Je nach verwendetem Roh- und Ausgangsstoff, je nach Konzentration, entwickelt
jede Farbe natürlich ihren eigenen Ton.
Man kann sich leicht vorstellen, das die Konzentration und Qualität der Farbe
oft abwich, weil es eine Frage des Geldes war, oder auch nur des natürlichen
Vorkommens in Menge und Zusammensetzung. Genau so waren das Abmischen der
Farben, die Bindemittel und Fixative keinesfalls standardisiert, so dass die
einzelnen Farben recht unterschiedlich ausfallen konnten. Das war aber kein
Problem, denn in der Heraldik ist Blau Blau und Rot Rot, egal wie es in
Wirklichkeit wiedergegeben und verwendet werden konnte. Wenn der Zugang zu den
Farbrohstoffen, am besten immer aus einer ganz bestimmten Quelle,
uneingeschränkt und dauerhaft möglich war, und sich eine nach Rezepten
arbeitenden Handwerkerschaft herausbilden konnte, bildeten sich aber schon in
dieser Zeit Vorlieben für bestimmte Schattierungen an Farben heraus. Ebenso kann
man aus der Originaleinfärbung der Wappen eben nicht auf die Färbung
historischer Flaggen schließen, denn der Textilfarbstoff muss ein ganz anderer
sein. Es ist absolut klar, dass es hier zu Abweichungen kommen musste. Aber, wie
gesagt, früher kein Problem. Heute schon.

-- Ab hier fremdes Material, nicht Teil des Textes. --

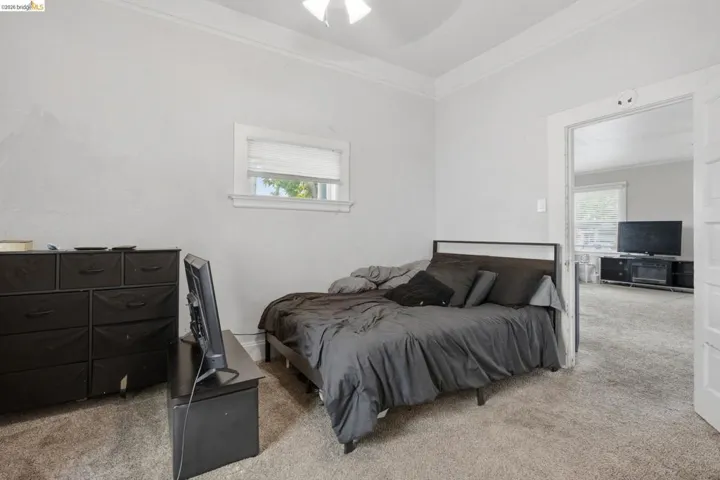 Spacious interior with neutral carpeting and a single window
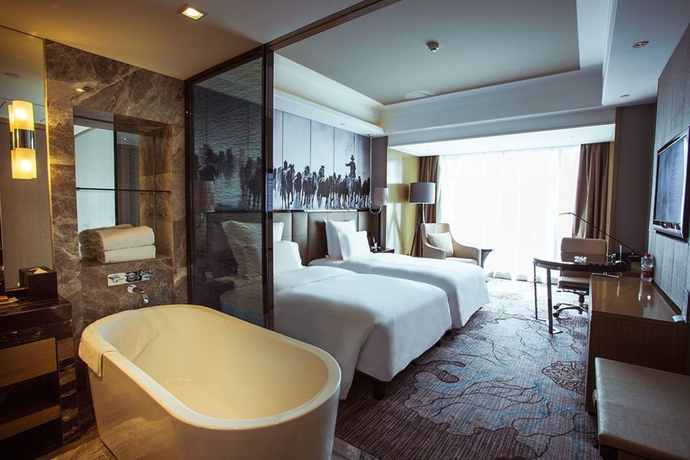 Imagen de la habitación del Hotel Universal Urumqi. Foto 14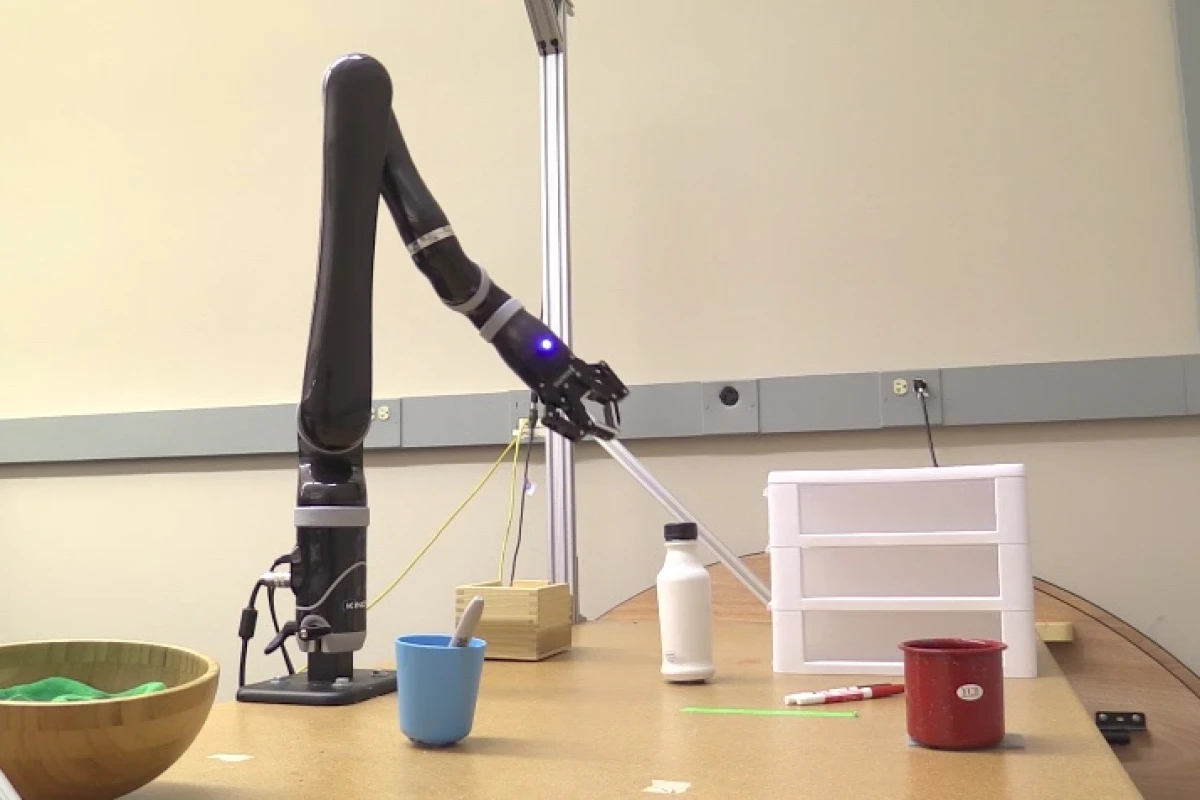 A robotic arm moves to pick up a felt pen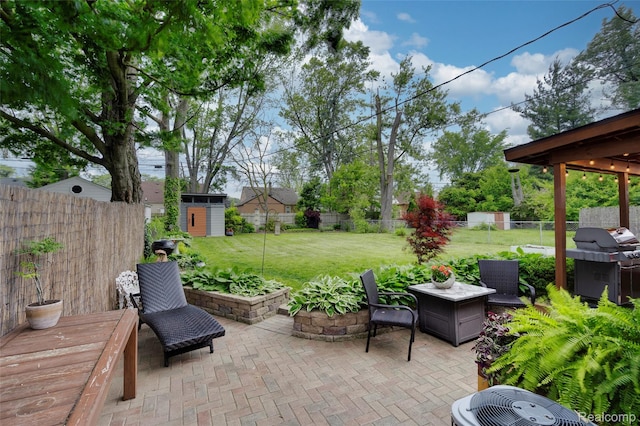 23069 Violet St, Farmington, MI 48336 - fenced backyard with a patio, a grill, and a storage unit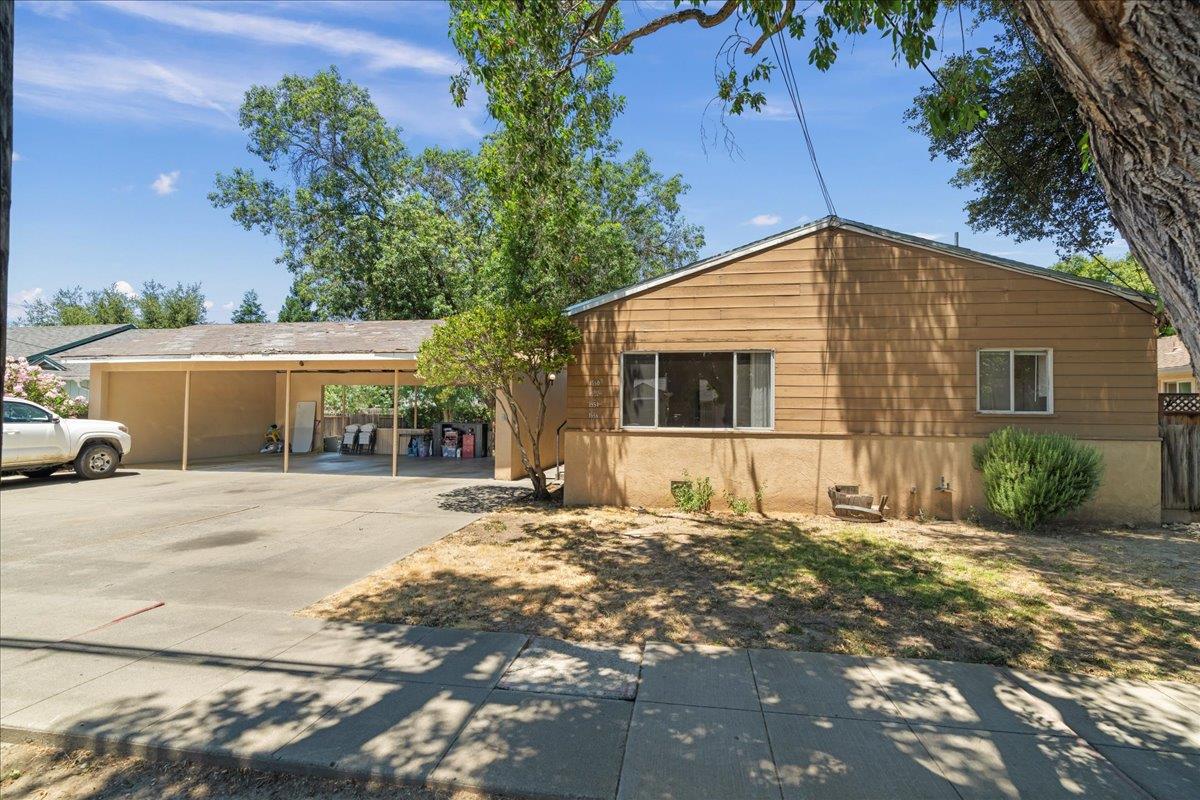 a front view of a house with a yard and potted plants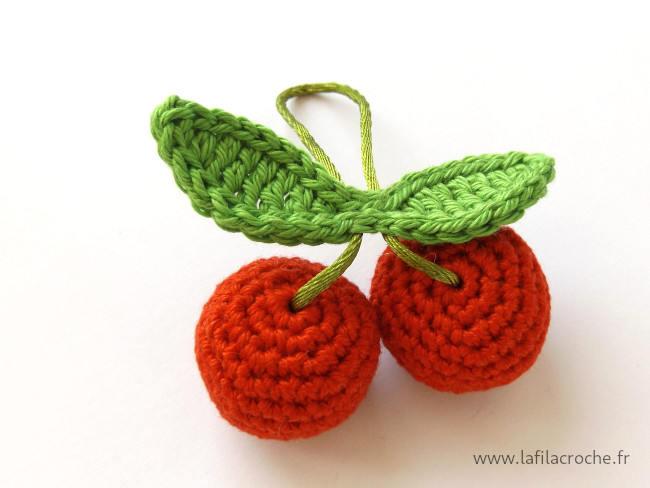 Deux petites cerises au crochet avec leur feuille et un cordon pour les suspendre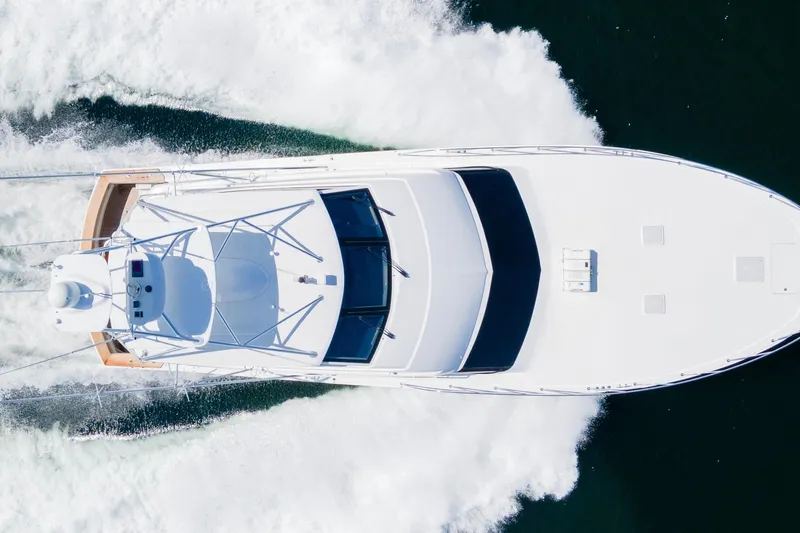 Refuge Yacht Photos Pics Aerial view of 2007 Hatteras 68 Enclosed Bridge yacht cruising on water.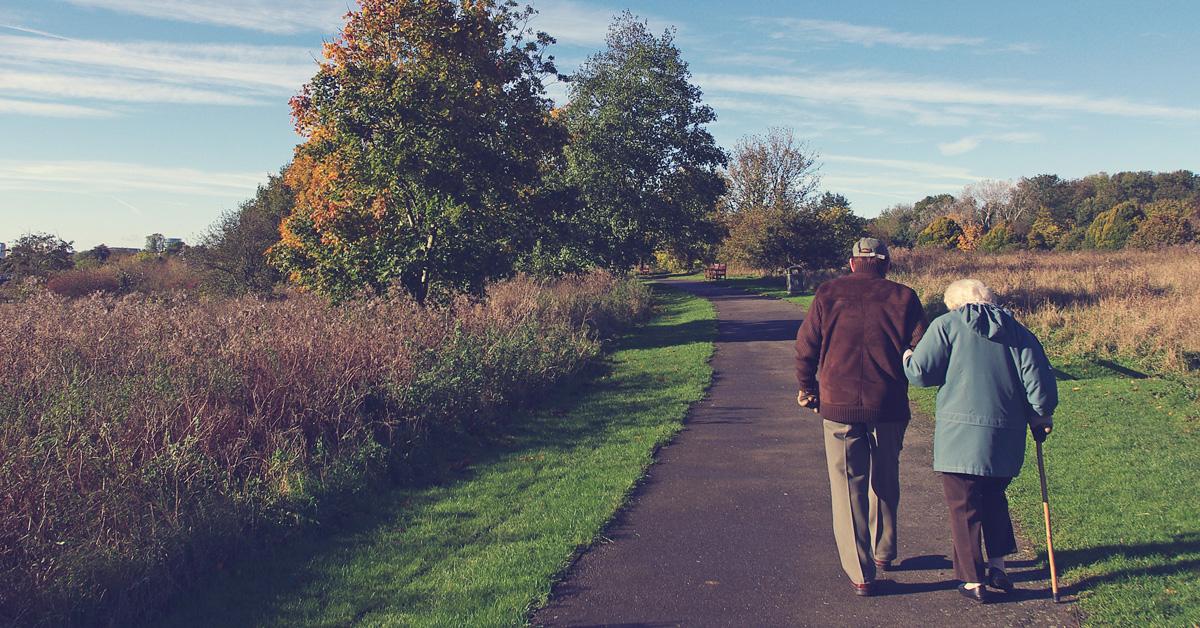 Ett äldre par går armkrok längs en väg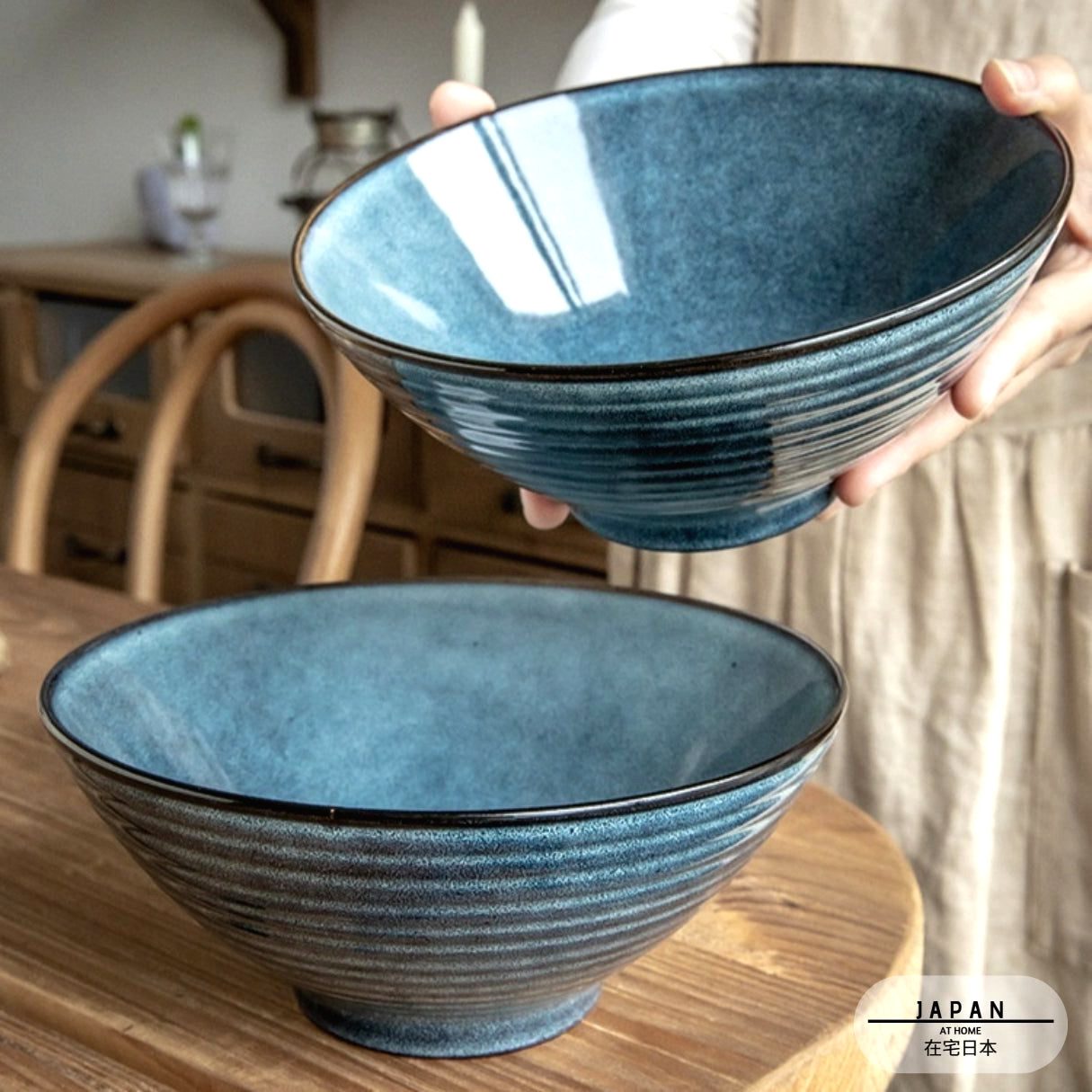 Bol à ramen Towada bleu tenu au-dessus d'un second bol sur une table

Problematisch ist, dass Flaggen als historische
Fundstücke mit dem modernen Auge betrachtet werden, und schnell eine bestimmte
Farbbezeichnung verpasst bekommen. Stichwort "Hellblau"; völlig ignorierend,
dass das Hellblau mit sehr hoher Wahrscheinlichkeit auf Auswaschen und
Verbleichen zurückzuführen ist, eine bei Indigo (Waid) bis heute bekannte und
entsprechend ausgenutzte Eigenschaft. Man denke nur an die berühmten Jeans. Noch
schlimmer wird es, wenn das Hellblau ein ganz bestimmtes sein soll. Bayern lässt
für seine Rauten heute offiziell zwei Blautöne zu, selbst der hellere von beiden
wird oft als zu "Preußisch Blau" abgelehnt. Wie Blau hätten Sie es denn gerne?
Darf es ein bisschen mehr sein? Heraldisch ist das natürlich alles Unsinn.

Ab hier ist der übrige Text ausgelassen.